(Short web captions)
= Beginning of Section =
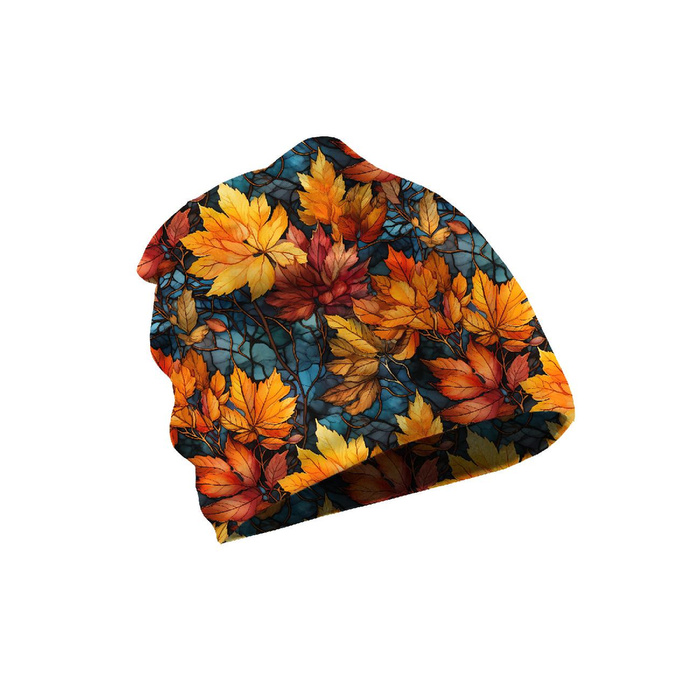 KID'S CAP AND SCARF (CLASSIC) - AUTUMN TIME PAT. 8 55-58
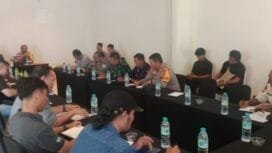 Suasana Rapat  koordinasi jelang Pilkada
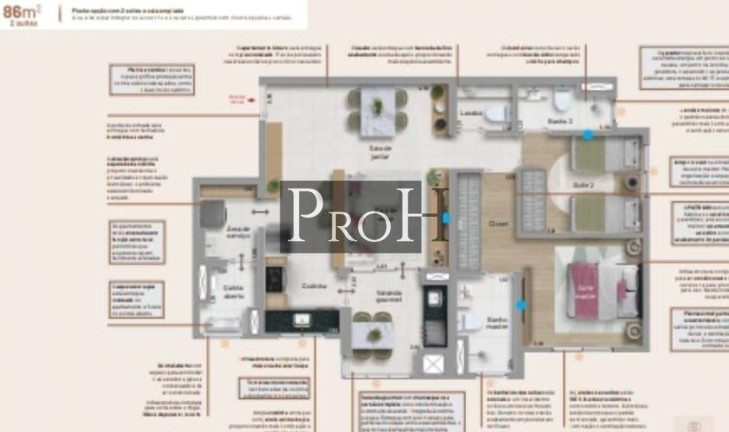Imagem Apartamento com 2 Quartos à Venda, 86 m² em Nova Petrópolis - São Bernardo Do Campo Imagem Apartamento com 2 Quartos à Venda, 86 m² em Nova Petrópolis - São Bernardo Do Campo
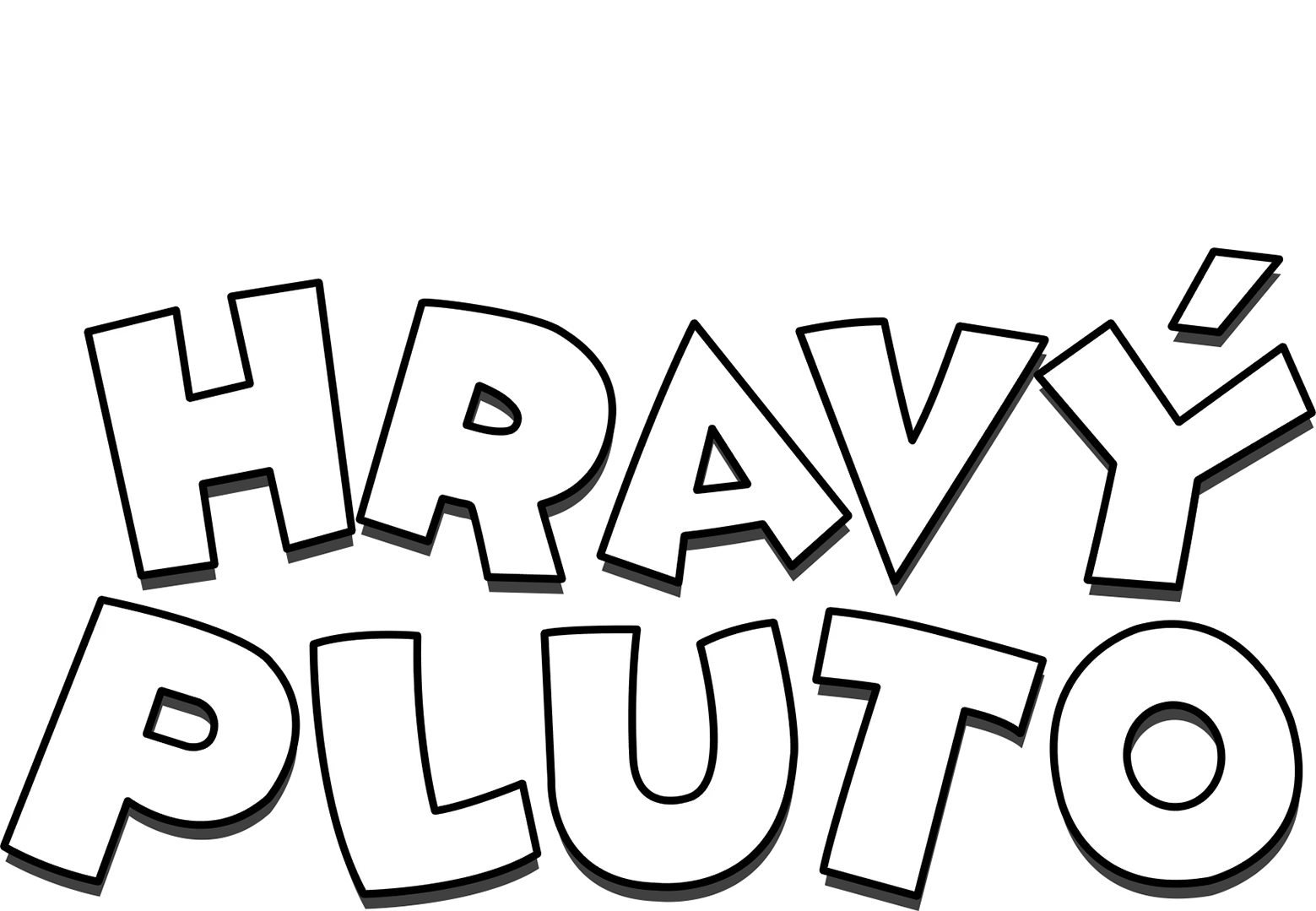 Hravý Pluto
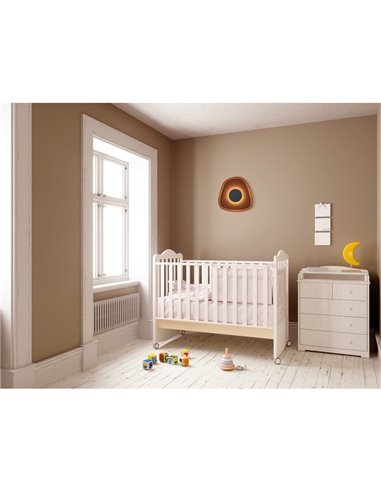 Applique murale LED de forme géométrique irrégulière, coloris café ACUSTIC, Ø 26 cm, 5 W, 3000 K, 400 lm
= End of Section =
Copy only the lines above from the one containing "Do Campo Imagem" through the one containing "Hravý Pluto", both included. Leave out the pictures.

Imagem Apartamento com 2 Quartos à Venda, 86 m² em Nova Petrópolis - São Bernardo Do Campo Imagem Apartamento com 2 Quartos à Venda, 86 m² em Nova Petrópolis - São Bernardo Do Campo
 Hravý Pluto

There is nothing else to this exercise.